Another Writer’s Good Advice Inspires an Old Strategy with a New Purpose

Of course, I click on the title, “Saving 1465 Hours to Write Several Books a Year While Working Full Time.” I’m trying to write a book proposal. I have a March 31 deadline. That’s only 720 hours from now — less if you subtract time for eating, sleeping, and a few hours of binge TV.
I’m genius at conceiving how-to-NOT-write strategies. Not so good at doing the project I’m supposed to do first. Accordingly, in the last few days, I wrote three articles for Medium instead of working on my proposal.
Decades ago, I churned them out. I didn’t have a full-time job to worry about, but I wrote for a living. Several years in a row, I managed to produce two books and countless print pieces. I spent hours at my desk, interrupted only by the ring of my landline, a growling stomach, or a dog’s head on my knee.
Now, everything interrupts me, and I feel the tug of time.
I Didn’t See This Coming, Did You?
Who knew that harnessing time would someday become so challenging?
In 1977, when Marie Winn blew the lid off television, dubbing it “the plug-in drug,” my kids were 8 and 5. I feared for their minds — a concern that now seems quaint by comparison.
When the Internet was young, and email was newish, I was intrigued. Familiar words now meant something else. I loved that I could “search” online and “chat” with far-away acquaintances. My gerbil brain was in heaven.
By the mid-2000s, I was researching and writing about our new “affordances” as sociologist Barry Wellman called them. He and others said this was “only the beginning.”
Still, even as we eased past the Y2K scare, I couldn’t imagine mere mortals strapping on Dick Tracy’s “two-way wrist radio” — no less, billions of us romping through a “metaverse” yet to come.

Who knows? Today, it’s virtual reality goggles. Tomorrow, an AI “Scotty” will “beam me up” to my grandson’s college dorm for a tour!
It already started. We might not — yet — be able to project our physical selves. But video-chatting with a 19-year-old in another country still smacks of science fiction to me.
This must be how my great-grandmother felt when airplanes were invented.
But I digress…. It’s not just the ease of distant connections that entrances and distracts me. I can access everything now: information, images, ideologies, opinions. And as one who long ago chose “snooping” as a profession, I am the proverbial pig in $h!t.
The Problem with Distraction
Admittedly, some of my online forays are a waste of my time.
Zelda, my old lady in Miami who almost made it to 105, would not be happy to hear this.
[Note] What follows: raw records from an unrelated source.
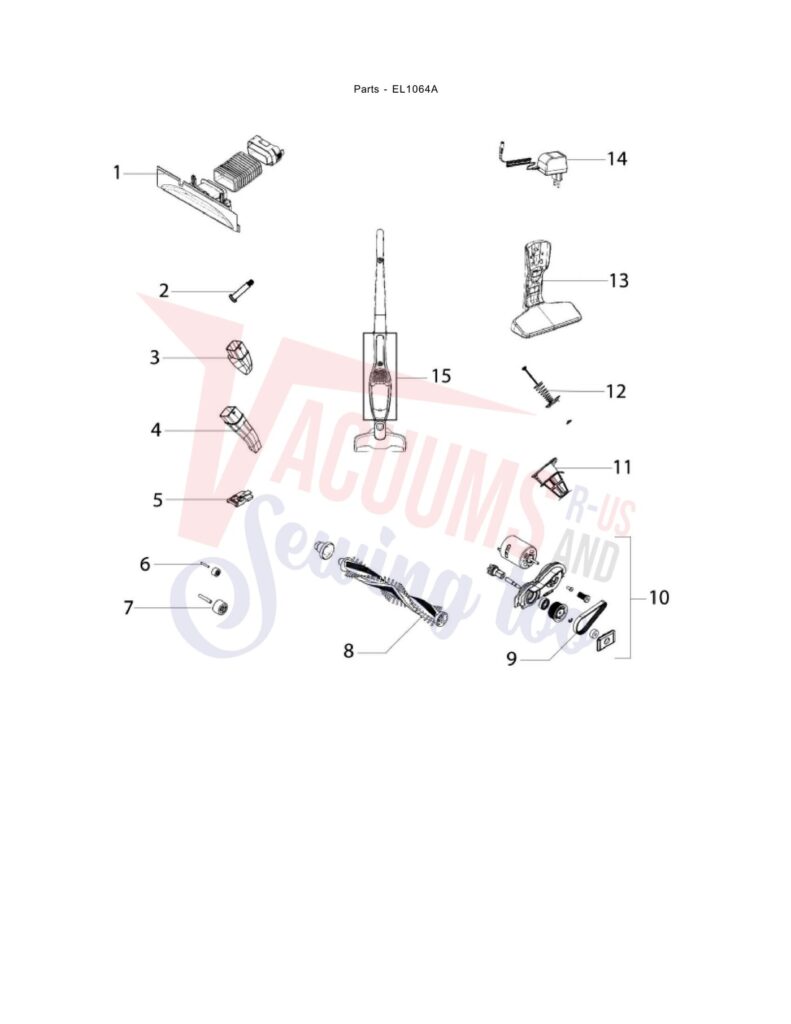 unknown EL1064A exploded schematic diagram (page 1)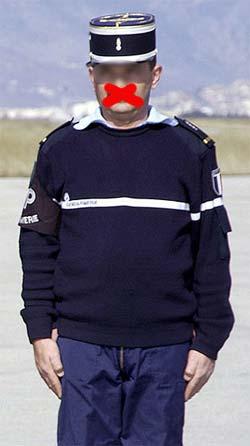 les gendarmes ne peuvent pas revendiquer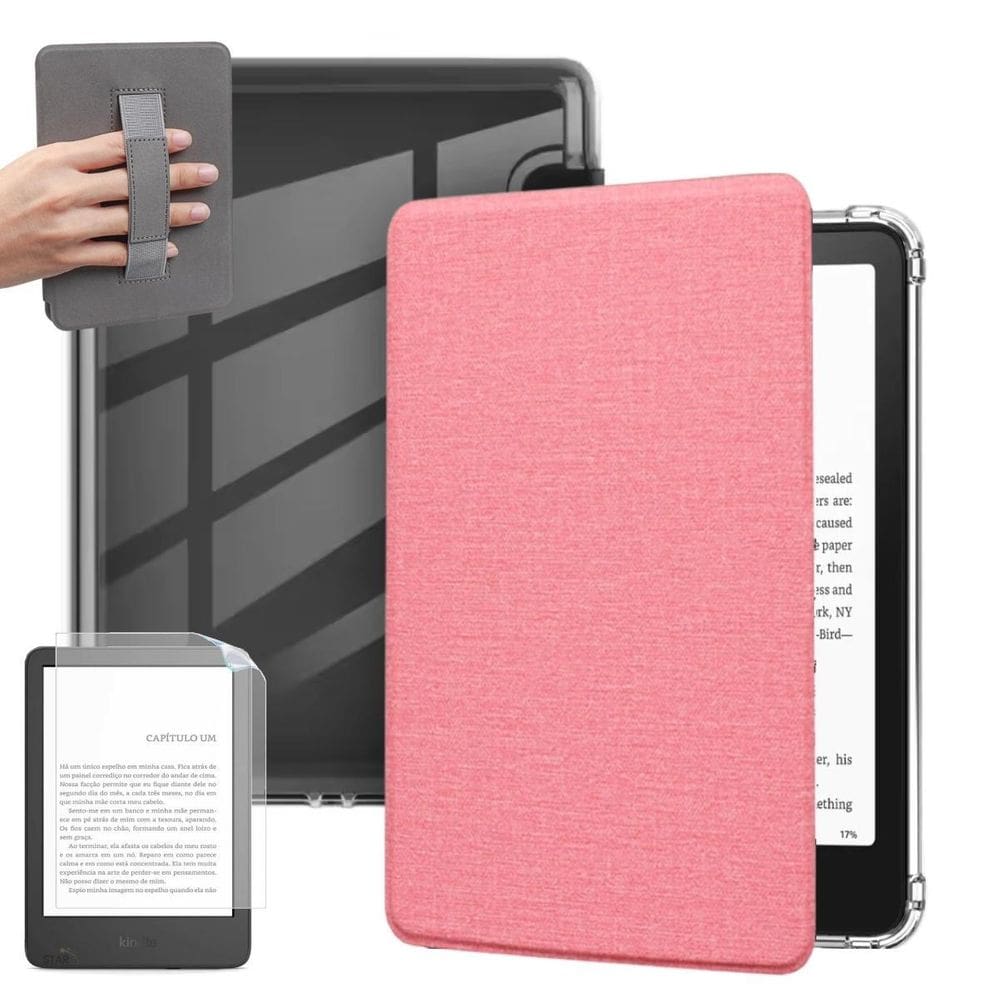 Capa Tecido Com Alça Para Kindle Paperwhite Sa568P +Película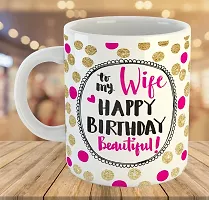 Printed  Happy Birthday To Wife  Ceramic Coffee Mug  Coffe Cup  Birhday Gifts  Best Gift  Happy Birthday For Wife For Husband For Girls For Boys  For Kids-thumb3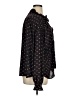 Ann Taylor 100% Polyester Black Long Sleeve Blouse Size XL - photo 4
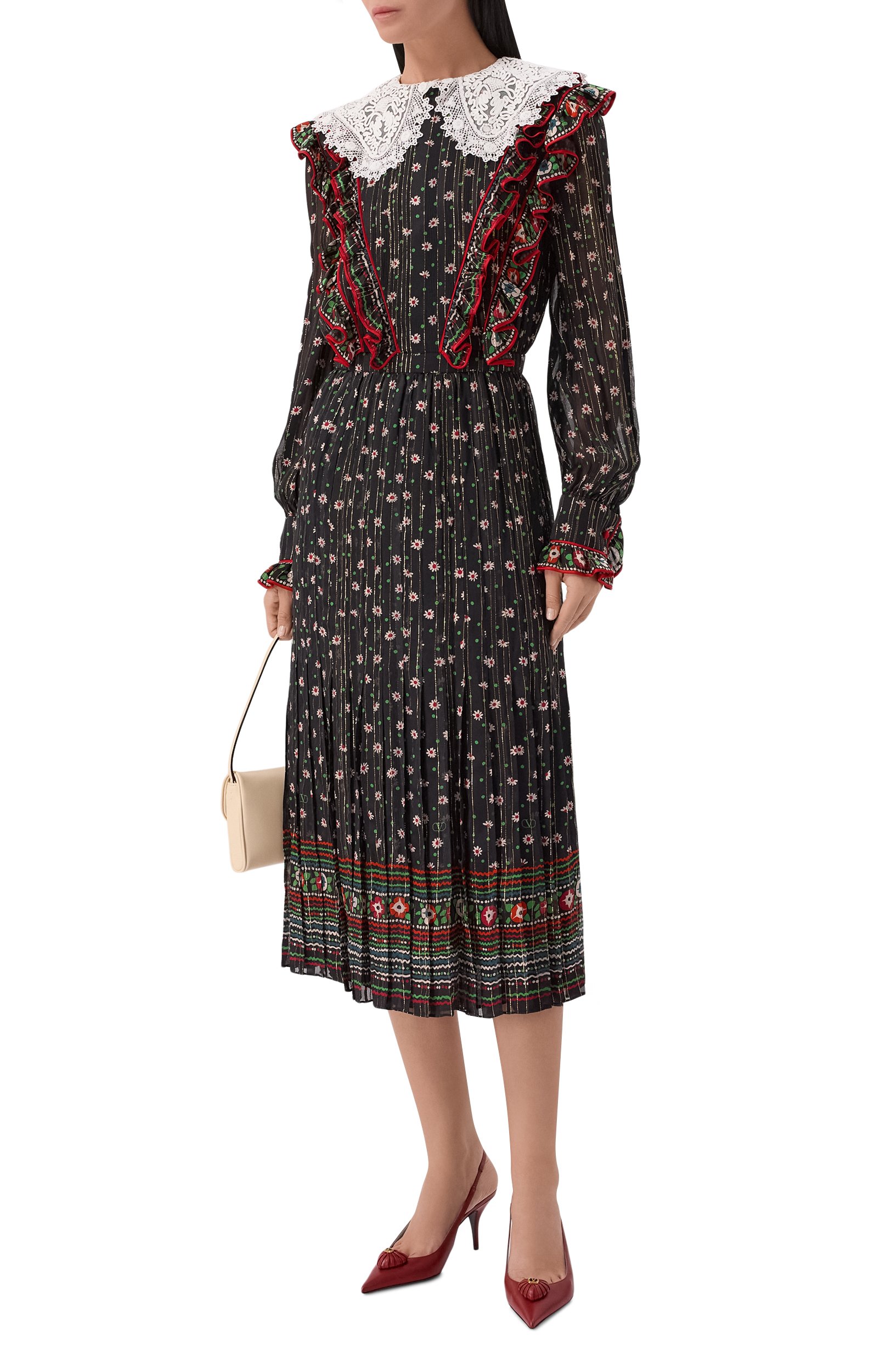 Кожаные туфли coeur royal 75 VALENTINO бордового цвета по цене 125500 руб., арт. 9W2S0QD6/DMD, фото 3 Кожаные туфли coeur royal 75 VALENTINO, арт. 9W2S0QD6/DMD, фото 3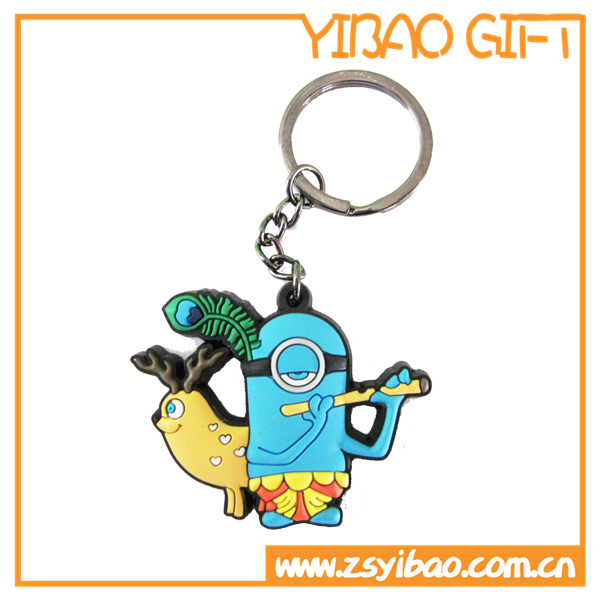 Supply Custom Rubber Soft PVC Keychain (YB-LY-K-05)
She became most aware of time in her nineties and started writing poems about it.
“Before that,” she told me, “I didn’t feel old or think about ageing. We don’t realize how time runs out until it starts trickling away.”
Zelda had buried two husbands by then and watched family and close friends die or, almost as bad, get too sick to socialize. So she made the most of every day, and every hour in it, always telling herself….
Time is the most important thing we have.
Memo to Self: Save Time
I don’t want to disappoint Zelda, and I don’t want to waste time. I do want to keep writing.
This paragraph, in the conclusion of Dr. Mehmet Yildiz’s excellent piece, inspired me:
When I discussed these points with one of my mentors, he responded that “saying yes to these time-wasting traps means no to write.”
Powerful, true words. The choice is mine; I know that. I also know myself.
I will have to keep making the right choice, again and again, even in the course of a day. I will have remind myself to just say no.
No! Don’t stop now to check your emails.…
No! Play today’s Wordl after you finish writing this.…
No! Don’t switch screens to Google how Flash Gordon stayed in touch with Headquarters. You’ll end up cutting it anyway.
Inside me, there’s wise person who knows better. But her voice is sometimes drowned out by the cacophony of Internet sirens begging for my attention.
For me, visual cues work best. Hence, I’m trying a mindfulness aide — a sign over my desk — that I’ve used successfully to remind myself that my life is the only one I can run. Why not do the same thing to keep myself focused?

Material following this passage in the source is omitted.